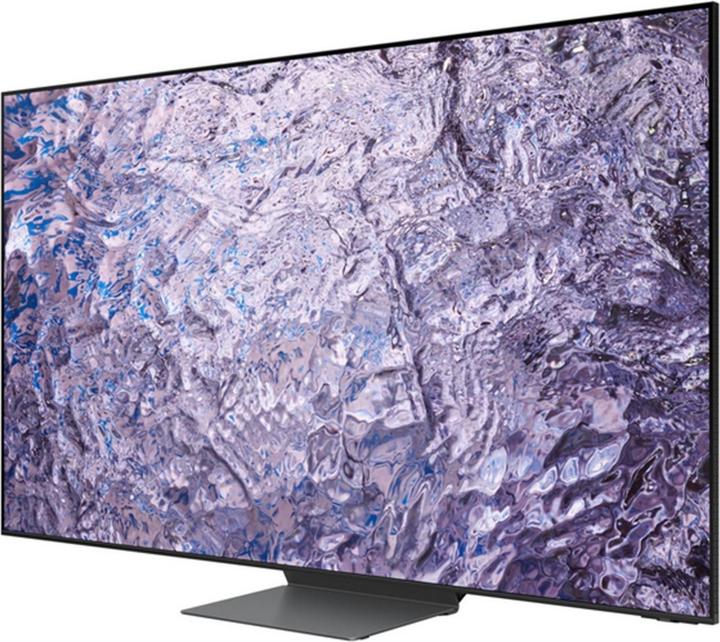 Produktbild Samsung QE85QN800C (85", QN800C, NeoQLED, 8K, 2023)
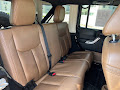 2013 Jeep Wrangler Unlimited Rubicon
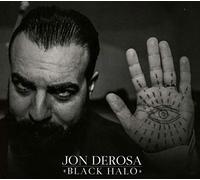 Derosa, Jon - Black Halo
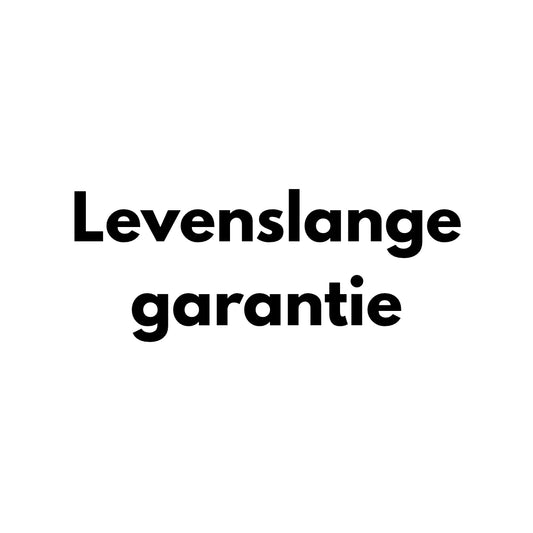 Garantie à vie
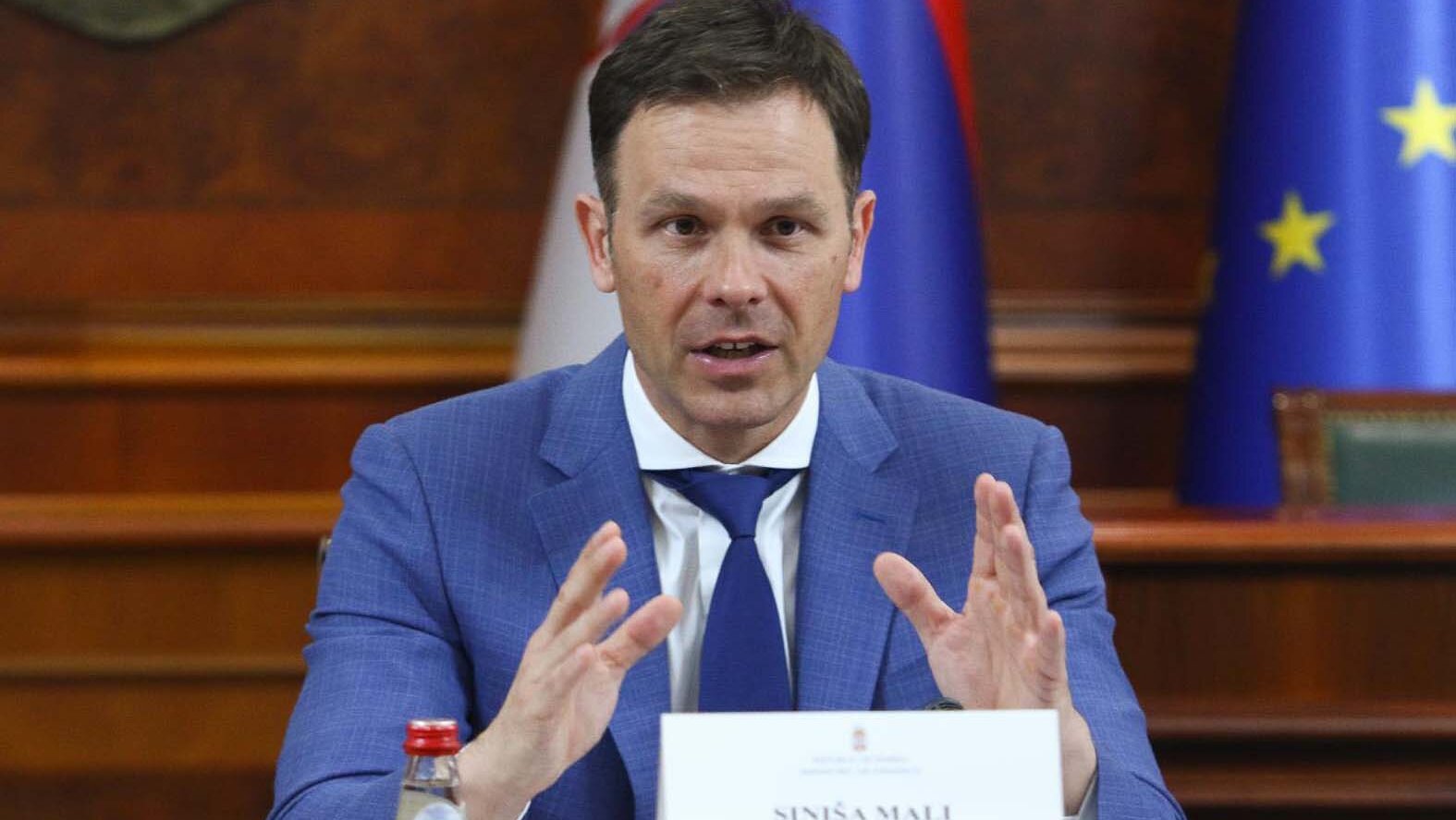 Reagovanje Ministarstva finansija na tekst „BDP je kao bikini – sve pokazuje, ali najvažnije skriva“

=== PROBLEM DETAILS ===
Images stay out, but the rest of the data above must be repeated exactly.

=== SOLUTION FOR THIS PROBLEM ===
 Produktbild Samsung QE85QN800C (85", QN800C, NeoQLED, 8K, 2023)
 2013 Jeep Wrangler Unlimited Rubicon
 Derosa, Jon - Black Halo
 Garantie à vie
 Reagovanje Ministarstva finansija na tekst „BDP je kao bikini – sve pokazuje, ali najvažnije skriva“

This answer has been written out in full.